* **Work instruction**
Repeat back the listing below, word for word and in full.

* **Stored data**

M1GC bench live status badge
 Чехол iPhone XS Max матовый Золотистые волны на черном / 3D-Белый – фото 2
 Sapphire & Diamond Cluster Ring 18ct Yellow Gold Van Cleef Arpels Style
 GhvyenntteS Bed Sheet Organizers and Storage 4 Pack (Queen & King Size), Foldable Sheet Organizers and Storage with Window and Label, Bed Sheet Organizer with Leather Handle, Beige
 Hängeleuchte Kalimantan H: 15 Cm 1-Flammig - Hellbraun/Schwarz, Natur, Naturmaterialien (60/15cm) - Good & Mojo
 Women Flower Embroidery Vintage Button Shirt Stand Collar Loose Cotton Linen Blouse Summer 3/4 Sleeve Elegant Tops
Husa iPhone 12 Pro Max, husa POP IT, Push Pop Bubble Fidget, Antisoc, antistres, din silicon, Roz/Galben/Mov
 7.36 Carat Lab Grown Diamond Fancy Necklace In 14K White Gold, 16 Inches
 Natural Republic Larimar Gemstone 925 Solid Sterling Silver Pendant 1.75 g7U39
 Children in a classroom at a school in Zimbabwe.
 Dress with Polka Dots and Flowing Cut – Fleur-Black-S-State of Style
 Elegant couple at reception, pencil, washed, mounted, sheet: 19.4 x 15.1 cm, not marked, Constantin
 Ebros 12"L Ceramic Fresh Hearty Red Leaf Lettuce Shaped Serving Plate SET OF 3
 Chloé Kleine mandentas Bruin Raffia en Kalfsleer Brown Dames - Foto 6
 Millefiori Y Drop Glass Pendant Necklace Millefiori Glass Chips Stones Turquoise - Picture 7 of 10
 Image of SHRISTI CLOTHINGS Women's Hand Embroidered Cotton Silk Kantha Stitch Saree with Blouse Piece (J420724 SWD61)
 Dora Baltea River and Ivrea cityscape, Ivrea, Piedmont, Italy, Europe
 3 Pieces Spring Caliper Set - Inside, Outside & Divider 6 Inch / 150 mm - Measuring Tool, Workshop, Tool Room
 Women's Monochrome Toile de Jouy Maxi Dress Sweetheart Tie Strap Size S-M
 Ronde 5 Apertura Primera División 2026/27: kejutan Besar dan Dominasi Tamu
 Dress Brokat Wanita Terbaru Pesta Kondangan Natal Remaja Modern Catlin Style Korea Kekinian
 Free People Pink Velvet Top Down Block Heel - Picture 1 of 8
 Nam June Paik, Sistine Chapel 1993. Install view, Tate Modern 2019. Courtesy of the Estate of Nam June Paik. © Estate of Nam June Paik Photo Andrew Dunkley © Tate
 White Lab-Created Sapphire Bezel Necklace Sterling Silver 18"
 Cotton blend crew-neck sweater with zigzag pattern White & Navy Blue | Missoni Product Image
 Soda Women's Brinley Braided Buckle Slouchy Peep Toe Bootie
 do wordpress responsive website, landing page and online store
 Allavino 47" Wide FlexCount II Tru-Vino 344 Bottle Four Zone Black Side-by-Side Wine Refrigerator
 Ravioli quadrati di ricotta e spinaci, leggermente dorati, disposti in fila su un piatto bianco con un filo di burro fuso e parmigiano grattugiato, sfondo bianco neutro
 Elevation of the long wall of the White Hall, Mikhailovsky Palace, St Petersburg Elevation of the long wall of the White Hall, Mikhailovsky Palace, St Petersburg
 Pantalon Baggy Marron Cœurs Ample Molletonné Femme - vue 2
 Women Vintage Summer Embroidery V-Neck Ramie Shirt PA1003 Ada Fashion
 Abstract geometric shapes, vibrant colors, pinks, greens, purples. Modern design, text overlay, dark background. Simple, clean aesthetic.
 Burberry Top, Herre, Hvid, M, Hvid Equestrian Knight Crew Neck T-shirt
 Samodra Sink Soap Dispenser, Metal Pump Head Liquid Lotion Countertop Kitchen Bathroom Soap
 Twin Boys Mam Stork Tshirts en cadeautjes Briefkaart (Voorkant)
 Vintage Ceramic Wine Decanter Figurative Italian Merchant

* **Solution for this exercise**
M1GC bench live status badge
 Чехол iPhone XS Max матовый Золотистые волны на черном / 3D-Белый – фото 2
 Sapphire & Diamond Cluster Ring 18ct Yellow Gold Van Cleef Arpels Style
 GhvyenntteS Bed Sheet Organizers and Storage 4 Pack (Queen & King Size), Foldable Sheet Organizers and Storage with Window and Label, Bed Sheet Organizer with Leather Handle, Beige
 Hängeleuchte Kalimantan H: 15 Cm 1-Flammig - Hellbraun/Schwarz, Natur, Naturmaterialien (60/15cm) - Good & Mojo
 Women Flower Embroidery Vintage Button Shirt Stand Collar Loose Cotton Linen Blouse Summer 3/4 Sleeve Elegant Tops
Husa iPhone 12 Pro Max, husa POP IT, Push Pop Bubble Fidget, Antisoc, antistres, din silicon, Roz/Galben/Mov
 7.36 Carat Lab Grown Diamond Fancy Necklace In 14K White Gold, 16 Inches
 Natural Republic Larimar Gemstone 925 Solid Sterling Silver Pendant 1.75 g7U39
 Children in a classroom at a school in Zimbabwe.
 Dress with Polka Dots and Flowing Cut – Fleur-Black-S-State of Style
 Elegant couple at reception, pencil, washed, mounted, sheet: 19.4 x 15.1 cm, not marked, Constantin
 Ebros 12"L Ceramic Fresh Hearty Red Leaf Lettuce Shaped Serving Plate SET OF 3
 Chloé Kleine mandentas Bruin Raffia en Kalfsleer Brown Dames - Foto 6
 Millefiori Y Drop Glass Pendant Necklace Millefiori Glass Chips Stones Turquoise - Picture 7 of 10
 Image of SHRISTI CLOTHINGS Women's Hand Embroidered Cotton Silk Kantha Stitch Saree with Blouse Piece (J420724 SWD61)
 Dora Baltea River and Ivrea cityscape, Ivrea, Piedmont, Italy, Europe
 3 Pieces Spring Caliper Set - Inside, Outside & Divider 6 Inch / 150 mm - Measuring Tool, Workshop, Tool Room
 Women's Monochrome Toile de Jouy Maxi Dress Sweetheart Tie Strap Size S-M
 Ronde 5 Apertura Primera División 2026/27: kejutan Besar dan Dominasi Tamu
 Dress Brokat Wanita Terbaru Pesta Kondangan Natal Remaja Modern Catlin Style Korea Kekinian
 Free People Pink Velvet Top Down Block Heel - Picture 1 of 8
 Nam June Paik, Sistine Chapel 1993. Install view, Tate Modern 2019. Courtesy of the Estate of Nam June Paik. © Estate of Nam June Paik Photo Andrew Dunkley © Tate
 White Lab-Created Sapphire Bezel Necklace Sterling Silver 18"
 Cotton blend crew-neck sweater with zigzag pattern White & Navy Blue | Missoni Product Image
 Soda Women's Brinley Braided Buckle Slouchy Peep Toe Bootie
 do wordpress responsive website, landing page and online store
 Allavino 47" Wide FlexCount II Tru-Vino 344 Bottle Four Zone Black Side-by-Side Wine Refrigerator
 Ravioli quadrati di ricotta e spinaci, leggermente dorati, disposti in fila su un piatto bianco con un filo di burro fuso e parmigiano grattugiato, sfondo bianco neutro
 Elevation of the long wall of the White Hall, Mikhailovsky Palace, St Petersburg Elevation of the long wall of the White Hall, Mikhailovsky Palace, St Petersburg
 Pantalon Baggy Marron Cœurs Ample Molletonné Femme - vue 2
 Women Vintage Summer Embroidery V-Neck Ramie Shirt PA1003 Ada Fashion
 Abstract geometric shapes, vibrant colors, pinks, greens, purples. Modern design, text overlay, dark background. Simple, clean aesthetic.
 Burberry Top, Herre, Hvid, M, Hvid Equestrian Knight Crew Neck T-shirt
 Samodra Sink Soap Dispenser, Metal Pump Head Liquid Lotion Countertop Kitchen Bathroom Soap
 Twin Boys Mam Stork Tshirts en cadeautjes Briefkaart (Voorkant)
 Vintage Ceramic Wine Decanter Figurative Italian Merchant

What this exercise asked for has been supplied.